We also have around 40 miles (64 km) of off road paths, which are some of the best in the country, set amid spectacular scenery. If you're looking for exhilarating action, try one of the many off-road trails or mountain bike centres at locations such as Ae Forest, Mabie Forest, Dalbeattie and Galloway Forest Park.
The National Cycle Network
A network of safe and attractive places to cycle and walk throughout the UK. There are over 10,000 miles of signed routes putting 75% of the UK population within 2 miles of the Network. There are two existing routes of National Cycle Network in Dumfries and Galloway:
National Cycle Route 7 runs from Carlisle to Inverness. In Dumfries & Galloway it covers 114 miles, passing through the main communities of Gretna Green, Annan, Dumfries, Castle Douglas (Scotland's Food Town), Kirkcudbright (Scotland's Artists' Town), Gatehouse of Fleet, Newton Stewart and a variety of visitor attractions.
National Cycle Route 74 runs for 44 miles and connects Route 7 to South Lanarkshire along quiet roads adjacent to the A74(M) motorway. It links to the Southern Upland Way, Britain's first coast to coast long distance footpath.
A further National Cycle Route (Route 73) is proposed to link National Cycle Route 7 at Newton Stewart with the National Cycle Network in Northern Ireland via the ferry terminals at Stranraer / Cairnryan.
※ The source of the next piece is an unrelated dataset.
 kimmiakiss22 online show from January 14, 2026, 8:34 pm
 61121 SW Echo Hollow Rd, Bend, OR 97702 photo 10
The route will pass through Wigtown (Scotland's Book Town).
The National Byway
The National Byway is a signed network or rural lanes and roads, reaching into the heart of British Heritage. With sections already established in England, the National Byway is expanding into Scotland.
The Byway runs for 194 miles (312 km) in Dumfries & Galloway, in places sharing with the National Cycle Network and KM Trail, taking in attractive countryside, heritage sites and places of interests. The Byway passes through Langholm, Lockerbie, Ecclefechan, Annan, Dumfries, Moniaive, St John's Town of Dalry, Clatteringshaws and Newton Stewart, before following National Cycle Route 7 to the border with South Aryshire.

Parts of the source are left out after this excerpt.